11:03PM PST on Nov 20, 2010

There ARE 2 sides to evey story. thanx

2:31AM PST on Nov 14, 2010

@Gretchen Small

I think the thing that is hard to know is which allegations are false and which are retracted due to coersion. Often times, it would be impossible to know without using even more police resources. This whole area is a minefield.

11:31AM PST on Nov 13, 2010

as a former police officer, i can say that sexual assault cases are usually extremely difficult to bring to prosecution....there is usually a dearth of direct evidence, since consent is the key issue. most cops take sexual assault very seriously and are very frustrated when it turns out to be a false charge....which does happen.

if someone can convince law makers to provide the means to protect rape victims from coercion, so that genuine victims would not recant, police officers would rejoice. but before you condemn the system for charging a woman with "filing false report" or whatever it is called in the statutes of a particular state, you have to look at the immense waste of time and resources that go into investigating false charges....which really, really harms the real rape victims, when police resources are spread to thin.
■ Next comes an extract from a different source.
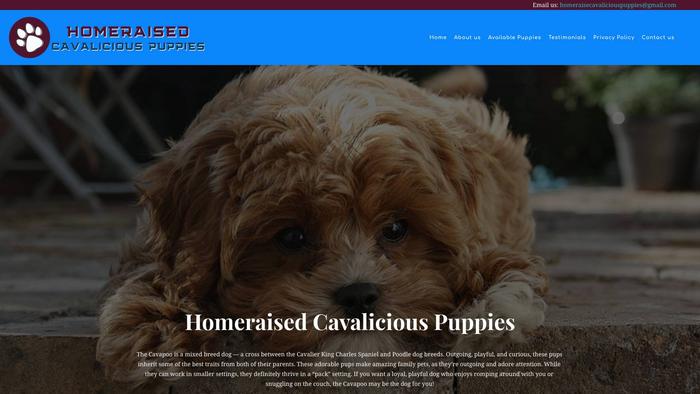 Homeraisecavaliciouspuppies.com - Cavapoo Puppy Scam Review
6:49PM PST on Nov 11, 2010

This article demonstrates the life-wrecking effects of a false rape accusation. The smear is repeated ad nauseam by irresponsible or malicious people.

7:33AM PST on Nov 11, 2010

@Tom O.

The prison systems are overcrowded and overburdened. There seems little point in jailing anyone who's being free isn't a danger to themselves or others. False accusation is definitely serious and should be dealt with but I would disagree with incarceration.

In this particular story there seems to be not enough information to know whether multiple rapes occurred or false accusation occurred.

6:26AM PST on Nov 11, 2010

So she was "raped" multiple times, but only "remembered" during a divorce proceeding? Isn't it amazing how men that were divorced are *always* abusive, rapists, etc? Funny how that works, eh? 54%, or whatever it is, of men, are criminals.

Nah, that's not sexist.

Btw, Amelia. False rape accusers do one group of people a huge favor... actual rapists. By protecting and nurturing false rape accusers, you pretty much directly help rapists.

1:58AM PST on Nov 11, 2010


It's not the words that do the damage but what follows. No doubt rape must be a horrible thing to go through, but so is getting your name tainted for the rest of your life and spending a potentially large portion of it in gaol, where if Hollywood has taught me anything, you are likely to get raped yourself. Rape and getting gaoled for being falsely accused are two different experiences, but both are devastating to the victims and potentially destroy lives.

If someone is found guilty of rape, they should be gaoled for the appropriate time. If someone if found falsely accusing someone of rape, they should be sent to gaol for the same amount of time that they were trying to send the other party. Doesn't matter if you're male or female. This is what equality is about.

Being a victim of rape or being falsely accused of rape are equally bad experiences, just in their own different ways. Being a victim of neither but hearing the horror stories of both sides, this is just my opinion.

12:51AM PST on Nov 11, 2010

@Tom O.

There is a huge difference between false accusation and rape. One is words, the other is physical assault. If a man falsely accused a woman of raping him, I'd say the same thing. It's not sexist when placed in context.

12:49AM PST on Nov 11, 2010

@Tom O.

There is a huge difference between accusation and rape. One is words, the other assault. If a man falsely accused a woman of raping him, I'd say the same thing. It's not sexist when put into actual context.